Sunday, January 20, 2013

The Kid and the Virgin Mary



With The Kid with a Bike, Belgian brothers Jean-Pierre and Luc Dardenne directed one of the most critically acclaimed films last year and won the Grand Prix at Cannes in 2011. Film Comment ranked The Kid with a Bike number seven on their Best Films of 2012 list, and it has appeared on several other top-ten lists. The film tells the story of an 11-year-old boy named Cyril, whose father not only abandoned him to a boy's home but also sold Cyril's sole meaningful possession: his bicycle. Refusing to believe his father would do such a thing, Cyril, played with intense authority by newcomer Thomas Doret, begins a journey to find his father and disprove what he knows could not possibly be true. If the story sounds at all like the classic Italian neorealism film Bicycle Thief, it may have echoes but they aren't really similar. The father is noticeably absent in this story, and while the Italian film was primarily a commentary on the bleak post-war economic reality for men and the moral ambiguities that reality leaves them facing, this film is ultimately quite hopefull.



Stubborn, tough, restless, aggressive, and desperately in need of love, Cyril is a character who frustrates us but also garners our sympathy. He's clearly a product of his terrible circumstances. I couldn't help wanting to shout what would of course have been terribly painful for him or any child to hear: "your father does not love you." While attempting to escape from authorities, Cyril literally runs into a local hairdresser, knocking her off a chair in the waiting room to a medical center and subsequently holding onto her with all of his strength. As the men pull Cyril off of her, she says, "You can hold me if you want...but not so tight." The Dardennes acknowledged in an interview in the March/April issue of Film Comment that the mother and child image was meant to be a reverse pieta, an artistic representation of the Virgin Mary cradling the dead Jesus in her arms. While he may be holding her in this particular moment, the Virgin figure will do the carrying later in the film.
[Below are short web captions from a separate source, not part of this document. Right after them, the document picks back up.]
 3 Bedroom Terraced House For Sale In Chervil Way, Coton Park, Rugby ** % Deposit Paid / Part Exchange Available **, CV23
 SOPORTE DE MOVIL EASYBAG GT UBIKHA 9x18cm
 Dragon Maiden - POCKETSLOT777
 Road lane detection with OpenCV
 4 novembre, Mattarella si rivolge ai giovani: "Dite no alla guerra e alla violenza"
Michelangelo's Pieta (1498-99)

The Mary figure is goodness and purity to her core. She agrees to take Cyril in on the weekends, she drives him to see his father, she provides a safe, loving home for him and never expects anything in return. More importantly, she puts up with his poor manners, his aggressiveness, his disobedience, and his inability to return her love. She is a lovely human being, and we can't help but wonder why she doesn't give up. It's not as if she owes him anything. Of course, we know and the Dardennes know that there are people like her in the world. Some of us aspire to be like them but most of us fall short.
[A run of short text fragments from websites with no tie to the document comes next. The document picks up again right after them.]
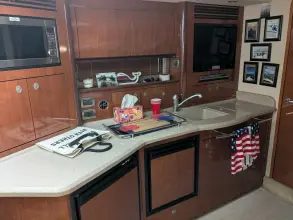 Thumbnail von Sea Ray 390 Sundancer Freedom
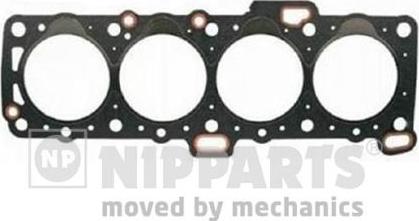 Nipparts J1251000 - Прокладка, головка циліндра autocars.com.ua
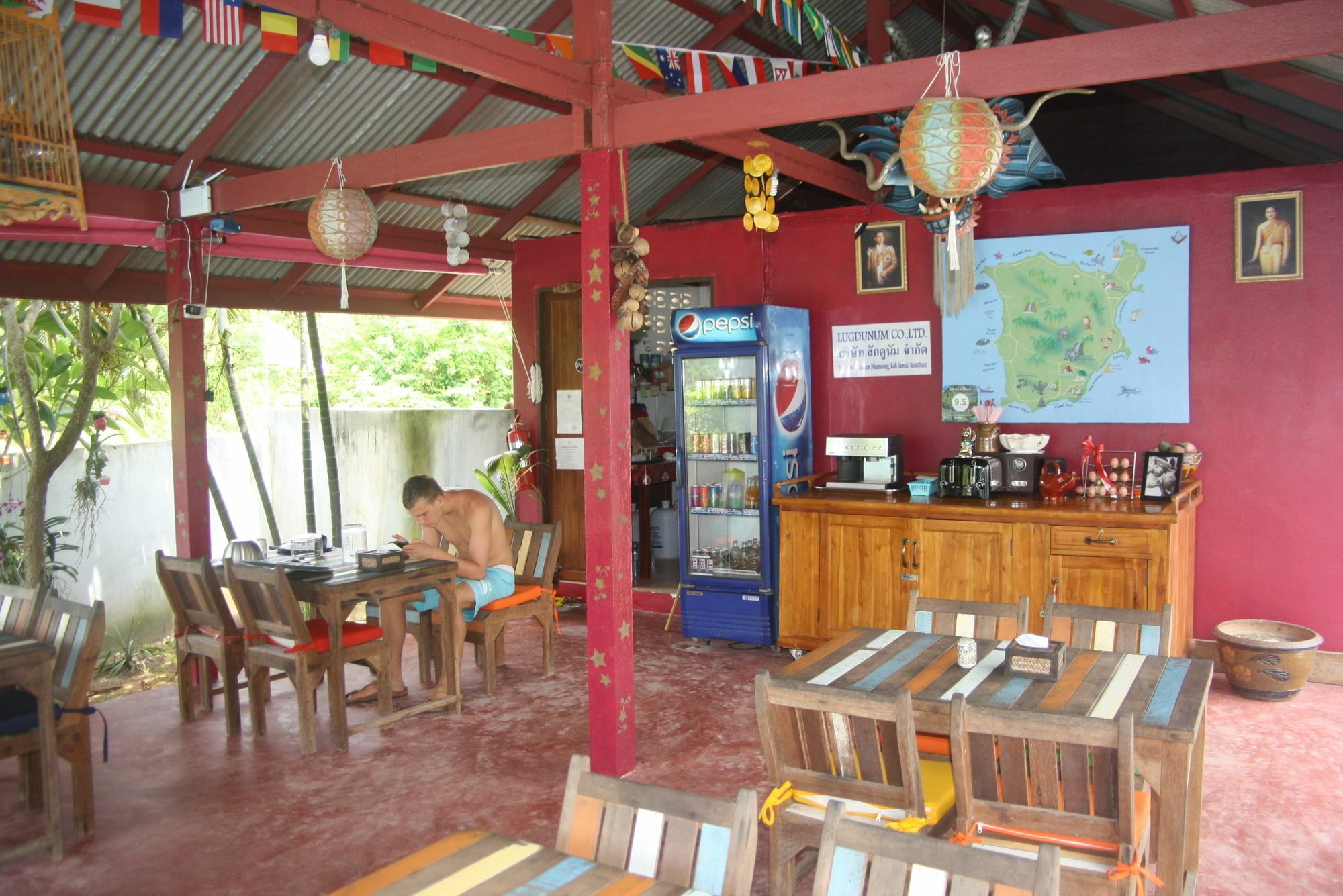 Samui Le Reve Hotel Na Mueang Ngoại thất bức ảnh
I tend to be drawn to darker stories: crime dramas, post-apocalyptic zombie tales, classic- and neo- films noir, and bleak endings.  And there are plenty of these types of stories today. Bleak stories are so prevalent that I wonder if the phrase "Hollywood ending" is anachronistic. Anyway, it's refreshing to see a film so rife with Christian symbols and messages--when it's presented in the Dardenne's characteristic neorealism, subtlety (no heavy-handed symbols here), and anti-melodrama (at least to a degree). But The Kid with a Bike uses Christian symbolism not so much to endorse or promote Christianity--or any religion for that matter--but to comment on the possibility of hope, love, redemption, and forgiveness in an increasingly secular world. The Dardennes were raised Roman Catholics but their films probably owe more to French filmmaker Robert Bresson (also raised Catholic but he famously called himself a "Christian atheist"--whatever that means) than to Catholicism. The Kid with a Bike has its descent into hell (or maybe hells plural--I suppose there a few of them for Cyril), its ascent from that world into the light of goodness and truth, a world where a kid can ride his bike with his mother. The sun shines and we know that the world isn't always a good place, but sometimes it can be.